The third annual GIS Day event, held November 14, 2001, educated millions of children and adults around the world. Activities focused on illustrating the benefits of geography and the supporting role that GIS plays. More than 80 countries held GIS Day events along with the 50 United States.

Strengthening Partnerships

Esri continues to expand its corporate relationships and Business Partner program. With the release of ArcGIS, all of Esri's core technology now contains Microsoft's COM-based components and can be customized with Microsoft's Visual Basic for Applications scripting language.

Last year, Microsoft accepted Esri into its .NET Early Adopter Program as a key Independent Software Vendor. Esri will demonstrate early successes with .NET developer technologies.

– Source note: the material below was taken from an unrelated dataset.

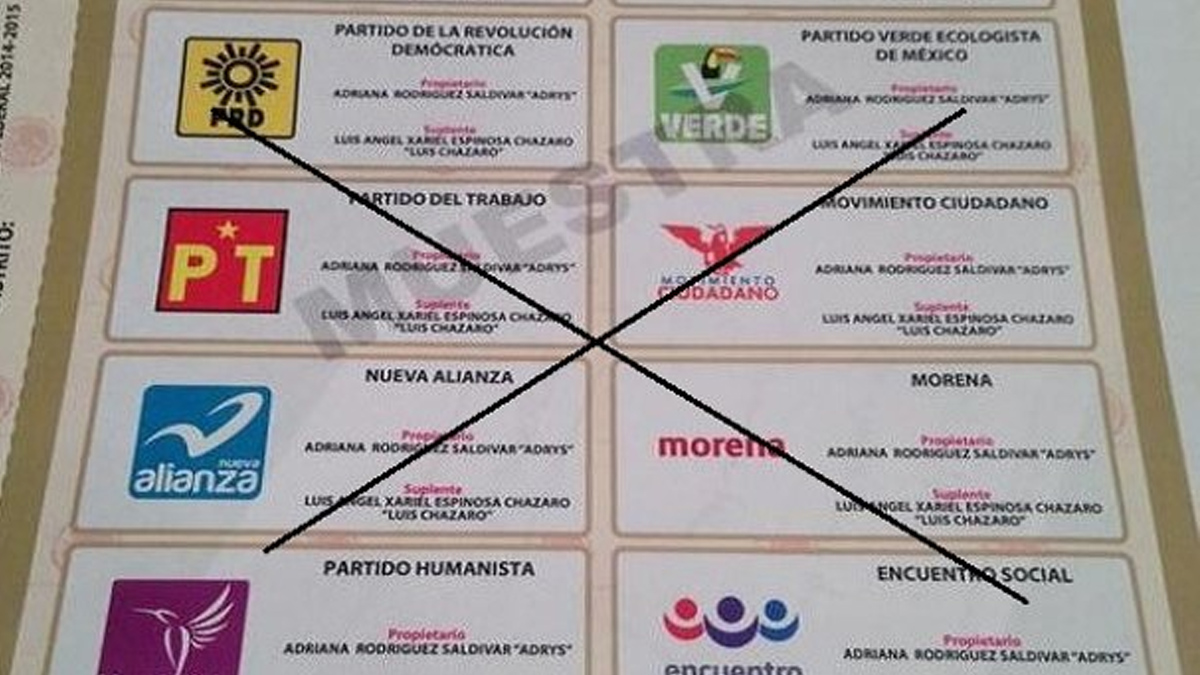 ¿Cuándo se anula un voto y qué ocurre con ellos?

The DB2 Spatial Extender, jointly developed by Esri and IBM, enables the integration of geographic, map-based data with other data stored in DB2. IBM is also working with Esri to integrate MapObjects display capabilities into IBM commercial software.

2001 saw the launch of the Java Location Services Web site ( by Esri and Sun Microsystems, Inc., to promote the importance of Java and GIS technologies as foundations for successful location services. The Web portal provides users with a central location to access information about location services.

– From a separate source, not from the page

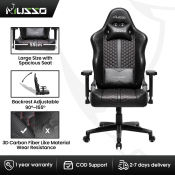 Musso Knight Series High-Back Gaming Chair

In March, Esri announced a Business partnership with LineSoft Corporation, a leading producer of transmission and distribution engineering line design and optimization software. The joint venture provides utility customers with a high level of GIS/mapping and engineering design integration.

The MapShop solution, developed by Esri and the Associated Press, the world's leading news organization, is an easy-to-use online mapping service that is helping to change the way consumers around the world view and interpret the news. The system of integrated components provides analytical mapping tools and data services to journalists, database editors, and graphics personnel.

With users and partnerships growing globally, Esri is extending its outreach with more conferences, seminars, and user expos. The Europe, Middle East, and Africa 2001 User Conference took place in Lisbon, Portugal in October. More than 600 attendees participated in the four-day event. (See Belgium to Host 17th Annual Esri European User Conference and Sixth Annual Esri Middle East and Africa User Conference for information about the 2002 conferences.)

Remembering 2001

Esri and many of its users and partners received awards and recognition for their GIS work that has helped society in so many ways. Among these, Esri and the Center for the Analysis and Research of Spatial Information (CARSI) at Hunter College, the City University of New York, received commendations from the American Geographical Society (AGS) for meritorious service to New York City and the nation following the September 11 tragedy.

AGS honored Esri for donating resources and key personnel to the recovery effort, specifically for helping to reconstruct the City's geographic information infrastructure. CARSI was cited for lending its technology and expertise to help City officials map the shifting Ground Zero terrain.